– Meet Mukesh and Hansmattee
ASK for Mohan Sookwah in Riverstown Village on the Essequibo Coast, and no one would know who you’re talking about. Ask for ‘Fresh Oil’ though, and the villagers would point you to the exact street and house to find him.
They’d also know him by the name Mukesh. In fact, he is one of the more popular farmers in the village; his family being the first set of people to occupy what is now known as the Back Street in Riverstown.
The 53-year-old rice, cash crop and poultry farmer toils long and hard to make ends meet with his supportive wife, Hansmattee, whom Mukesh said has stood “foot and foot” behind him ever since they married 30 years ago.
The father of two, who plucks about 30 chickens a week, grew up looking at his parents’ farm; they worked rice and provision farms to support their eight children and were very poor. Because of such poverty, many of the kids, including Mukesh, did not get to attend school a lot.

Following in his parents’ footsteps, Mukesh has continued to farm over the past 40 years, making it the only type of work he has ever done. “Every month, I buy about 100 chickens; at least I get the mould for my garden, and I get the chickens for the house use and sell a few.
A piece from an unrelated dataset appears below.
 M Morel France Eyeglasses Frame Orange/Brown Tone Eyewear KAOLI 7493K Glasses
I really do it to get the mould for the garden,” he shared.
He and his wife have two stalls; one in Suddie, which they go to on Sunday and one at Anna Regina, where they would work on Fridays. To get their produce ready for the markets each week, though, is not always smooth sailing. “We really need a plucking machine,” he said, adding, “the labour cost is also there, and then you don’t find good people to work.”
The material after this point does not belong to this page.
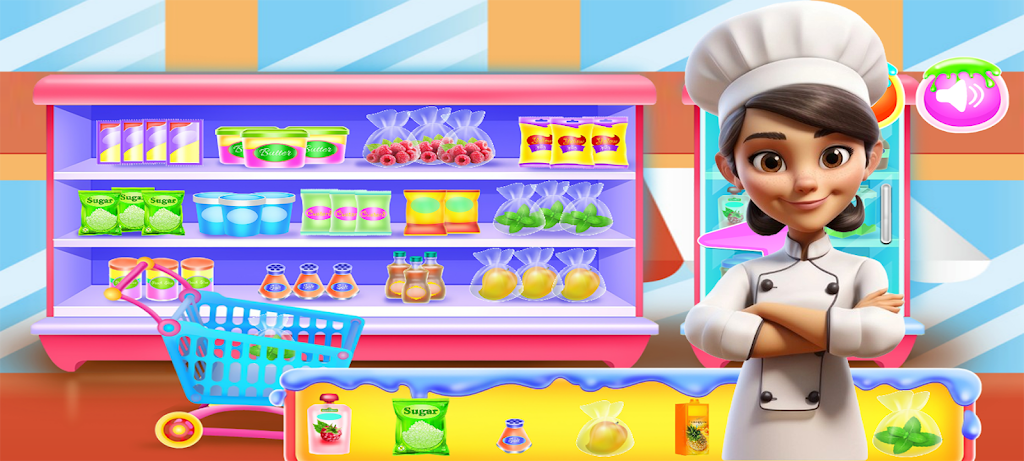 cooking game dessert maker ဖန်သားပြင်ဓာတ်ပုံ 1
Even with the challenges and hard work involved to make ends meet, there’s no place that Mukesh would rather be. “If I go to Georgetown, by afternoon, I want to reach home. I fall in love with this place; I am comfortable here at home,” he said, noting how the place has seen some amount of development in terms of getting proper streets and road lights.
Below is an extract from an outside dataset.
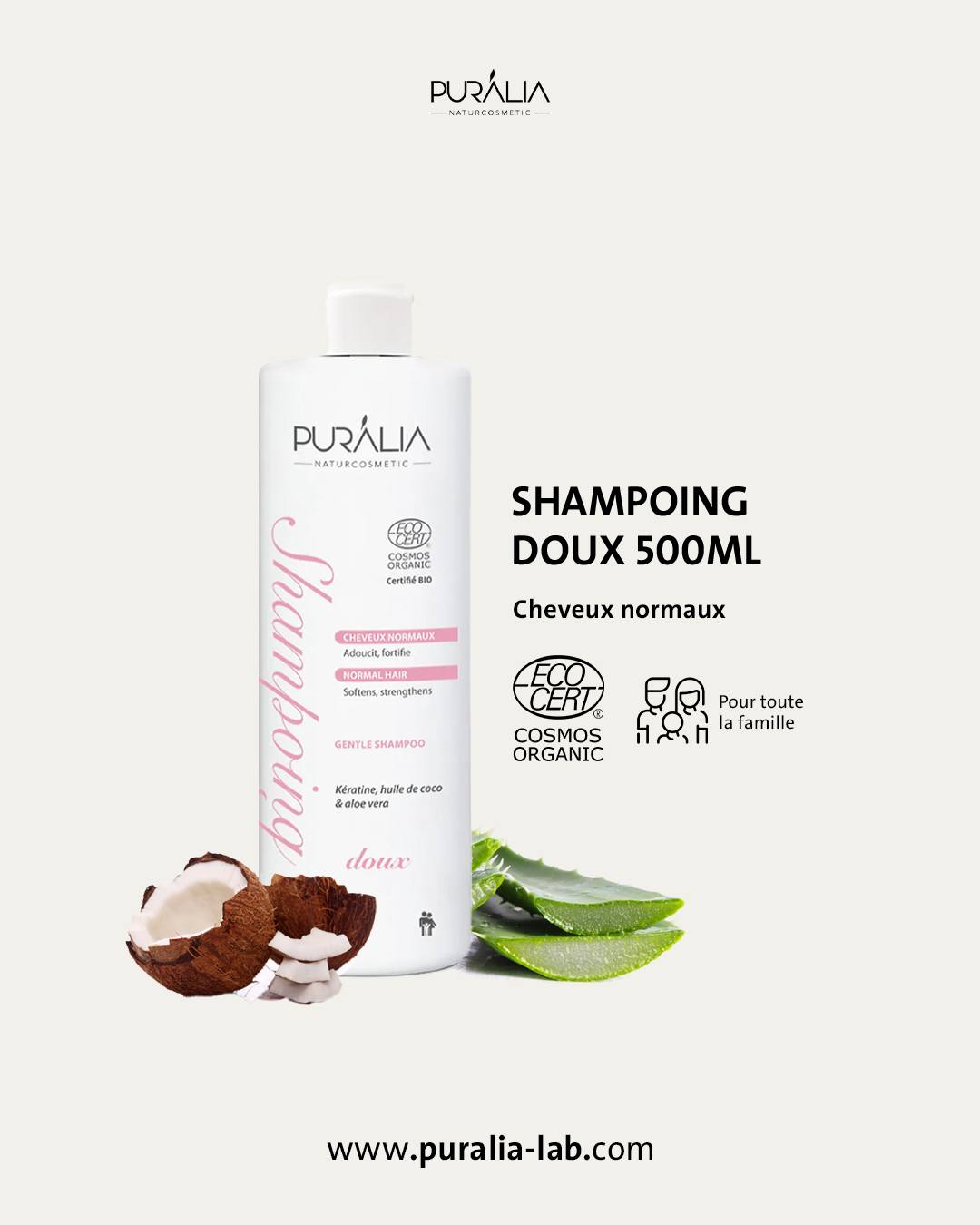 🌿✨ Découvrez les 3 shampoings BIO de PURALIA ! ✨🌿Nous croyons en la puissance de la nature pou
“We were the only people living at the back here, and now we got neighbours. This whole place was a playground, and now people came to occupy the land. Our Back Street area is now more busy than the public road,” he shared.
Commenting on his wife’s significant role in helping with the work, Mukesh said: “The only work my wife didn’t do was to dig the drains with me. Other than that, she weed, plant, and everything she do with me.”
He could not escape providing an explanation of how he got the nickname Fresh Oil. Beating around the bush, he said: “Long ago, we didn’t have well at the back here; they had ground pond in front and when you go out, all the boys would reach together. One of the boys call me that name, and I got vex and the name left on me.”

But his wife chimed in to clarify: “The boys them said his mom sent him to the shop to buy coconut oil and tell the shopkeeper that he want fresh oil. He used to always ask for fresh oil, and the name stayed.” At last, the answer was clear. Mukesh always wanted “fresh oil.”
Meanwhile, when she was just 20 years old, Hansmattee from the neighbouring village of Airy Hall married Mukesh in an arranged setting. “My mother and his mother used to sell in the market and they made the match,” she related.
She had known him before, though, when he used to pass her side to go and play cricket. When they married, he didn’t have a regular job. “So we started the farm, and I went to help him. We work hard together and we still working hard. We start our day at 04:30hrs to start cooking and cleaning and go backdam,” she explained.
To this day, Hansmattee said she and her husband have enjoyed a good marriage with no serious problems ever coming up.